Last night, the Federal Reserve put an end to the zero interest rate eras by hiking interest rate by 0.25%. This is the first hike in almost a decade. The move was long overdue because the economy has seen a substantial recovery in major parts of the economy especially the labour market. According to the Fed chairman, progress has been made on jobs, economy is doing well hence the need for and hike. Although she also highlighted there are still some slacks in the jobs market but it will be eroded overtime and inflation is also expected to rise to target as transitory effects from low oil will dissipate over time. Further rate hike is expected to come gradually but it will be data dependent.
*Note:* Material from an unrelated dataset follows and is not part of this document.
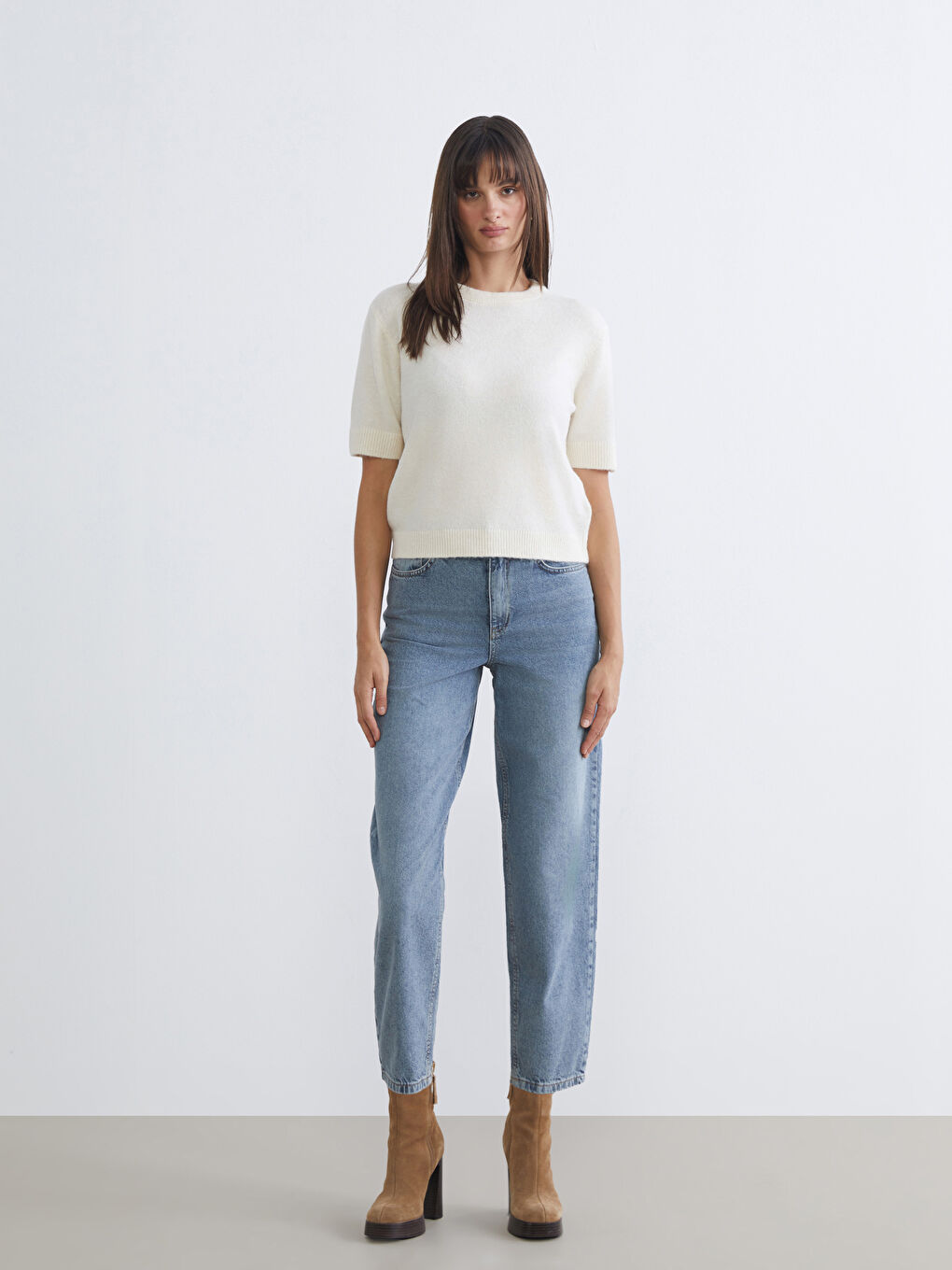 Crew Neck Women's Knitwear Sweater-1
The market was well prepared for this hike has there was no major move in the market that was not anticipated. We saw Eurusd dropped down to test the lows before rallying back to the upside again to test the 1.10 level and indices continues to rally just as expected. C commodities as well dropped to the downside on the back of the rate hike.
I expect USD strength to continue in the next couple of trading sessions on the back of the rate hike. This is because the USD seems to be the only stable currency at the moment. GBP has a lot of uncertainty especially the success of forward guidance policy of the Bank of England seems not to be working as expected. Also Eurozone might need some more easing measures to support the economy which will potentially weaken the Euro. This is why I remain bullish on USD for now. Also, I expect commodity prices to test the lows again; gold prices should drop back to test the lows of the year at $1045.